Category Archives: statistics

SEDA Fellowship report 2012-2013

Introduction

For the second year running I have opted to put my SEDA Fellowship report on my website (last year's here). Although I am currently working at the LLAS Centre for Languages, Linguistics and Area Studies at the University of Southampton, I will be joining the Centre for Learning and Teaching at the University of Brighton in September. I was offered the Brighton job back in May so I am very much in a transition frame of mind at present.

Career development

After ten years at the LLAS Centre (counting the centre in its LTSN/ HEA subject centre forms) I felt it was now time to move on and undertook a UK-wide job search. The end result was an offer from the Centre of Learning and Teaching at the University of Brighton. Last week I visited Brighton for the university’s internal teaching and learning conference and heard about a lot of the interesting things about some of the interesting things which are going on there. It was also nice to spend time getting to know some of my new colleagues as well.

Statistics for Humanities

twitter
Tweet referring to the Statistics for Humanities book.

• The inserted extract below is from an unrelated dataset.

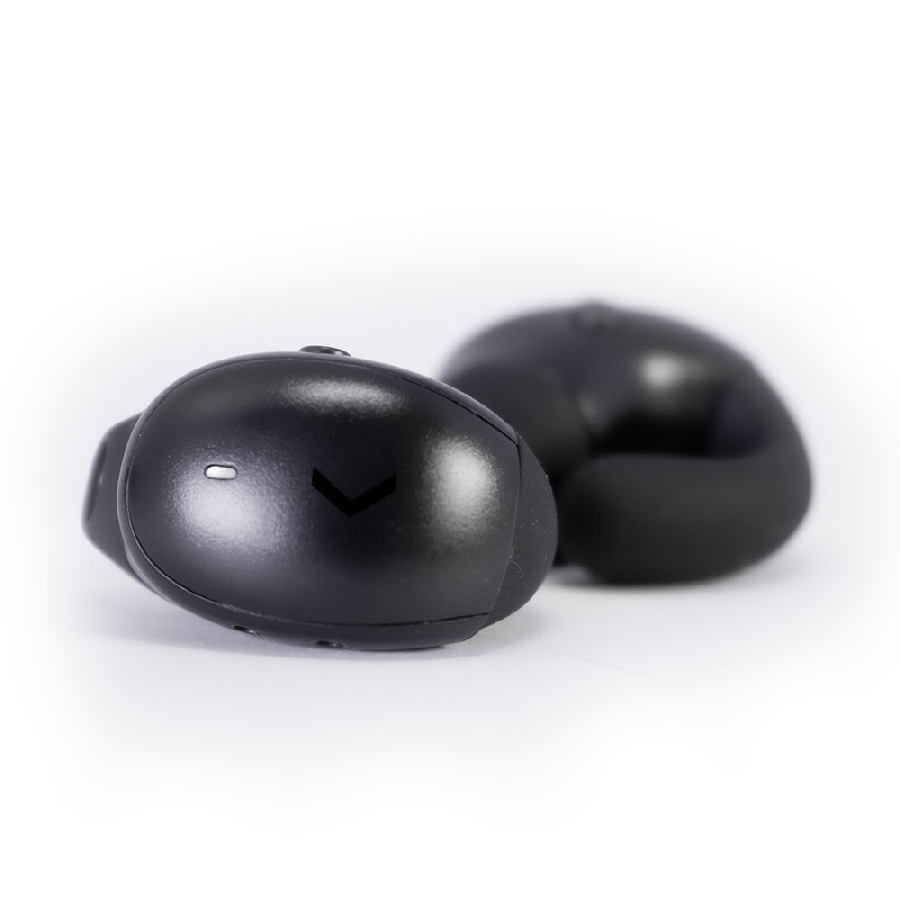 AUDIFONOS INALAMBRICOS BLUETOOTH BACKDROP TWS-6 COLOR NEGRO SPK-2351 - BACKDROP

This past year has been mostly project based. My Statistics for Humanities student ‘text-book’ is available in draft form and I am awaiting comments from the British Academy nominated reviewers.  The British Academy agreed that I could put a draft online for a crowd sourced review. This has led to receiving many helpful comments, and one academic in particular has provided some very extensive feedback. I have long been dissatisfied with introductory statistics textbooks. I hope that mine will reach out to students (and academics) who struggled in the past. The examples in the book come from the humanities and I have attempted to write a book which uses a verbal reasoning-based approach which should resonate better with humanities students than some other texts.

EU Quality Assurance project

University of Aveiro, Portugal. Venue for our third project meeting in December 2012.

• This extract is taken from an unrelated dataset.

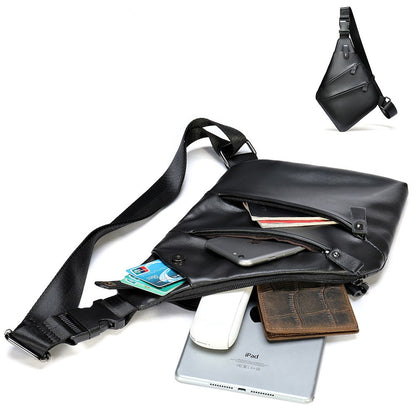 New multifunctional leather gun bag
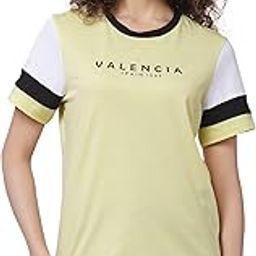 By Red Tape Women Lemon Round Neck T-Shirt_MAT0699-XL-image-34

We are coming to the end of the second year of this 2-year EU-funded project,  Sharing Practice in Assuring and Enhancing Quality (SPEAQ) which follows on from LANQUA (the Language Network for Quality Assurance). I didn’t work on LANQUA and hadn’t worked on an EU-project before. I was quite apprehensive about being involved in the project as I had seen colleagues undergoing the stresses of running a project which involves administrative complications (e.g. currency conversions and daily rates) as well as working alongside colleagues in other countries who work in very difference pedagogic, policy and quality environments.   Fortunately our assistant director (and my line manager) Alison Dickens is an experienced director of EU–projects and our senior administrator Sue Nash has worked on them before, so, fortunately for me, I have been able to concentrate mostly on content issues.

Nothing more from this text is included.